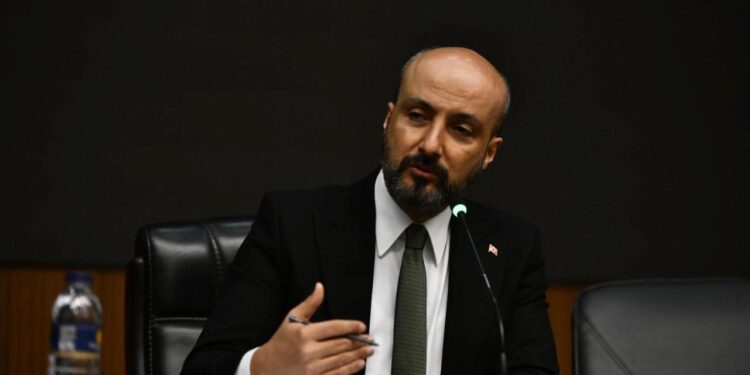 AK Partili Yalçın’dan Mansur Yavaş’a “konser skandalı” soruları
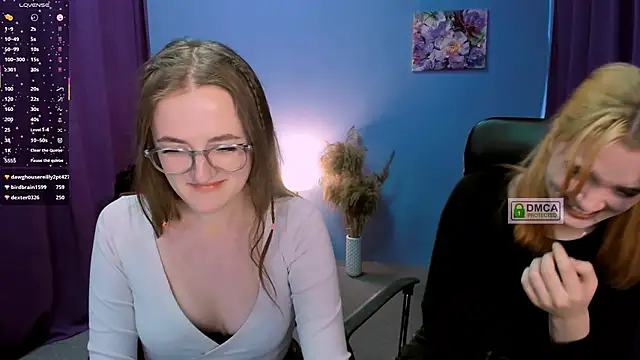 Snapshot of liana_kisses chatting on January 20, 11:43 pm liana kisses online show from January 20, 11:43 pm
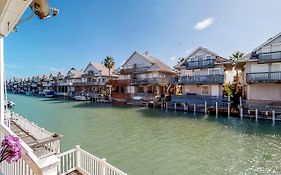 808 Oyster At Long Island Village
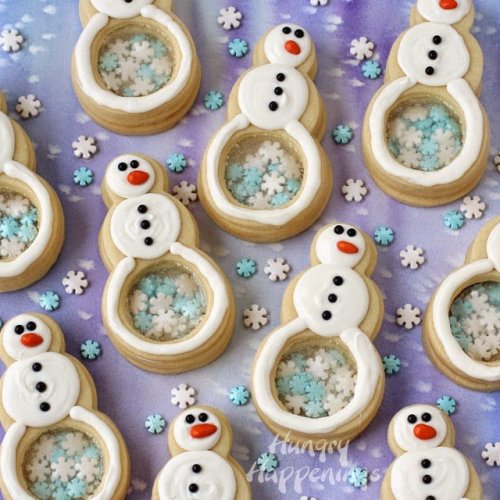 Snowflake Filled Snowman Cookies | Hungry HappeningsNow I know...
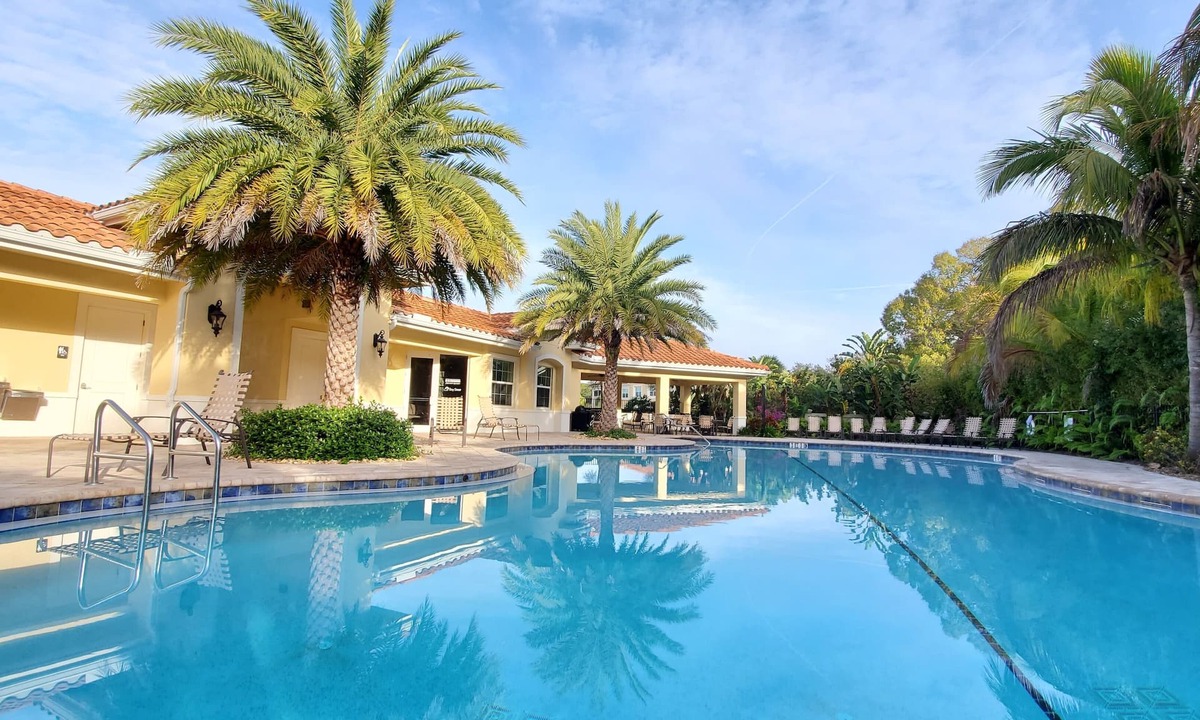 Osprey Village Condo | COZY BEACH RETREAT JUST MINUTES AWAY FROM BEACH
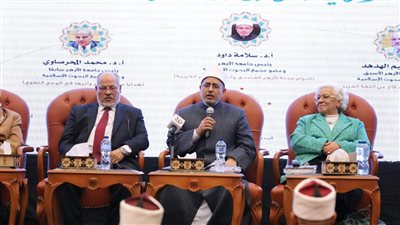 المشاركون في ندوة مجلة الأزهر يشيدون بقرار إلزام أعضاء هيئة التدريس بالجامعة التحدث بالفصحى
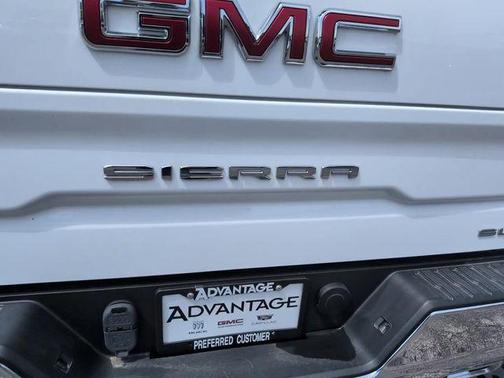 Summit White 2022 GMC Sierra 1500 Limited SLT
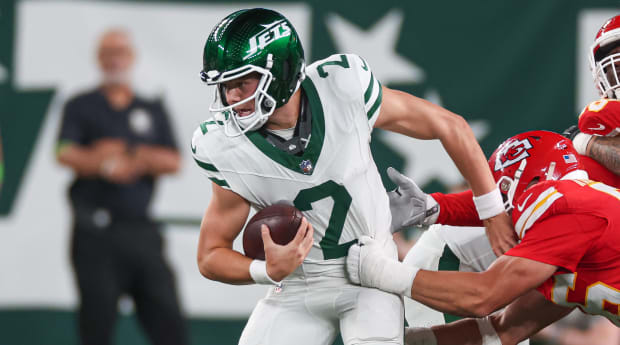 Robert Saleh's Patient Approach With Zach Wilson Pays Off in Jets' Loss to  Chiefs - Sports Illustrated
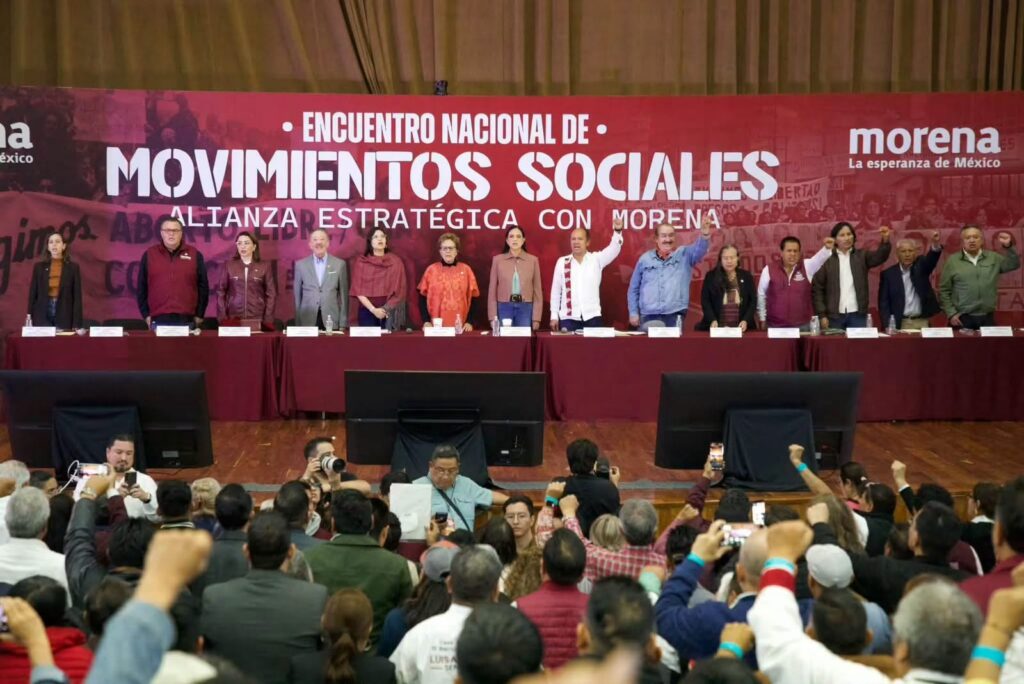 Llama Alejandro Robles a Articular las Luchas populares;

----

**How to complete this task**
Quote every record above exactly, omitting any pictures they contain.

**Result for this task**
 AK Partili Yalçın’dan Mansur Yavaş’a “konser skandalı” soruları
 Snapshot of liana_kisses chatting on January 20, 11:43 pm liana kisses online show from January 20, 11:43 pm
 808 Oyster At Long Island Village
 Snowflake Filled Snowman Cookies | Hungry HappeningsNow I know...
 Osprey Village Condo | COZY BEACH RETREAT JUST MINUTES AWAY FROM BEACH
 المشاركون في ندوة مجلة الأزهر يشيدون بقرار إلزام أعضاء هيئة التدريس بالجامعة التحدث بالفصحى
 Summit White 2022 GMC Sierra 1500 Limited SLT
 Robert Saleh's Patient Approach With Zach Wilson Pays Off in Jets' Loss to  Chiefs - Sports Illustrated
 Llama Alejandro Robles a Articular las Luchas populares;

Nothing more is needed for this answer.